Are these changes tested?

Yes. Added 3 C++ tests in array_dict_test.cc:

  • MakeBuilderPreservesOrdered — verifies MakeBuilder with ordered dict type produces ordered array
  • MakeBuilderUnorderedByDefault — verifies unordered stays unordered
  • MakeDictionaryBuilderPreservesOrdered — verifies MakeDictionaryBuilder preserves ordered

Are there any user-facing changes?

No API changes. DictionaryBuilder now correctly preserves the ordered flag from the input DictionaryType, fixing the silent data loss.

@github-actions
Copy link
Copy Markdown

⚠️ GitHub issue #41017 has been automatically assigned in GitHub to PR creator.

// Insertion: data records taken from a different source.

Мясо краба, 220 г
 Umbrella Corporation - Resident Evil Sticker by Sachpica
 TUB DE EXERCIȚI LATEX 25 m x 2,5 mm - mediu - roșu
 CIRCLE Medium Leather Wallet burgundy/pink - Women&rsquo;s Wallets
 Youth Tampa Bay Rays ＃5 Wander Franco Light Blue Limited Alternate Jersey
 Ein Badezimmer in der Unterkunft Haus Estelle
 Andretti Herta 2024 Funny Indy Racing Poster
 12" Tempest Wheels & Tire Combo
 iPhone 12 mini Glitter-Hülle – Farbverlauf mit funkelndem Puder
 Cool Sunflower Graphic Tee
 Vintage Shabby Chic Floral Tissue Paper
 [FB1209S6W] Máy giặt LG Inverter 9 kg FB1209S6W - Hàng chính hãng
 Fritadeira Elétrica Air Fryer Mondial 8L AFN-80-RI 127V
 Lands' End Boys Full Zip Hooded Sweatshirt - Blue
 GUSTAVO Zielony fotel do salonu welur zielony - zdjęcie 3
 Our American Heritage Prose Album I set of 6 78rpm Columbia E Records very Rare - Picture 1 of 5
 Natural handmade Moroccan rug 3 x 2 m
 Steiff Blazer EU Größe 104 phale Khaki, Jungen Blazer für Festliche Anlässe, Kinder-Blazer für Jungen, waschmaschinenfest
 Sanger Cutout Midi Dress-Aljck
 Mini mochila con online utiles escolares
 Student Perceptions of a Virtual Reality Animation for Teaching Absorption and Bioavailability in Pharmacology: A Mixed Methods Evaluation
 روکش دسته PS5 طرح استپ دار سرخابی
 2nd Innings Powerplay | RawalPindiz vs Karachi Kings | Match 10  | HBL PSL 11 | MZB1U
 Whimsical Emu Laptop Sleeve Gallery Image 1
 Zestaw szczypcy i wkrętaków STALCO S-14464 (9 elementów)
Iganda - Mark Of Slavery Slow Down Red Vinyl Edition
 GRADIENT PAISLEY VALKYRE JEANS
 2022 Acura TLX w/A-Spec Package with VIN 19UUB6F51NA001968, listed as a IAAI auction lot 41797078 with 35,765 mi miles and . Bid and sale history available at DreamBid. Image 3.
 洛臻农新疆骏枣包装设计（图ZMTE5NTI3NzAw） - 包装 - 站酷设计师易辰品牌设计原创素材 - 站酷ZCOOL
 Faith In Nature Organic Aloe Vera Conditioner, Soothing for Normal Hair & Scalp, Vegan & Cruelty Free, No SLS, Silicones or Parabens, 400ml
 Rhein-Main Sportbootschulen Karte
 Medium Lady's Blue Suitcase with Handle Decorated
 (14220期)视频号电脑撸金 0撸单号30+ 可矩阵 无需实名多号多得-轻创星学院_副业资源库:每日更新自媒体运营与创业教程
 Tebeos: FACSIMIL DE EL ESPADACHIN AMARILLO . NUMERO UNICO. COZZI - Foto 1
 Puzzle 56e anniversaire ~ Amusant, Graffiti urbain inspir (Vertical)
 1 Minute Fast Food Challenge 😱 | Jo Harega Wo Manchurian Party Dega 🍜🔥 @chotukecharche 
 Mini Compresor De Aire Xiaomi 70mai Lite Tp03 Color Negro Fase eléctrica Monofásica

DictionaryBuilderBase::type() did not pass the ordered parameter
to ::arrow::dictionary(), causing it to always default to false.
This meant that building a DictionaryArray via MakeBuilder or
MakeDictionaryBuilder with an ordered DictionaryType would produce
an array with ordered=false.

Fix: Add ordered_ member and set_ordered() to DictionaryBuilderBase
(both the primary template and the NullType specialization). The
DictionaryBuilderCase in builder.cc now propagates the ordered flag
from the input DictionaryType to the builder after construction.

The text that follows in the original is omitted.